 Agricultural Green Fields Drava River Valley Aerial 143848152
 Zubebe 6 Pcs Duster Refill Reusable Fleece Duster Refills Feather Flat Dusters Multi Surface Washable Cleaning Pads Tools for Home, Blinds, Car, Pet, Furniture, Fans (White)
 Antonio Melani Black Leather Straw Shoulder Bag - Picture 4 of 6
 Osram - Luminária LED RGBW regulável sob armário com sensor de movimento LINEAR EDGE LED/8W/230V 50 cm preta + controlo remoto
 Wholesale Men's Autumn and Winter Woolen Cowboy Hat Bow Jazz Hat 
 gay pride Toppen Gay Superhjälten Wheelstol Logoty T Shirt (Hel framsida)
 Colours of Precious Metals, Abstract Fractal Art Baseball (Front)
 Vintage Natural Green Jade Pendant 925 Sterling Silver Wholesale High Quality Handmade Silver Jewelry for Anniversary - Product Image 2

▶ **ASSIGNED TASK**:
Beginning at the line with "Osram - Luminária" and ending at the line with "Colours of Precious", reproduce each line of the data above exactly, and add no other lines.

▶ **WRITTEN RESPONSE**:
 Osram - Luminária LED RGBW regulável sob armário com sensor de movimento LINEAR EDGE LED/8W/230V 50 cm preta + controlo remoto
 Wholesale Men's Autumn and Winter Woolen Cowboy Hat Bow Jazz Hat 
 gay pride Toppen Gay Superhjälten Wheelstol Logoty T Shirt (Hel framsida)
 Colours of Precious Metals, Abstract Fractal Art Baseball (Front)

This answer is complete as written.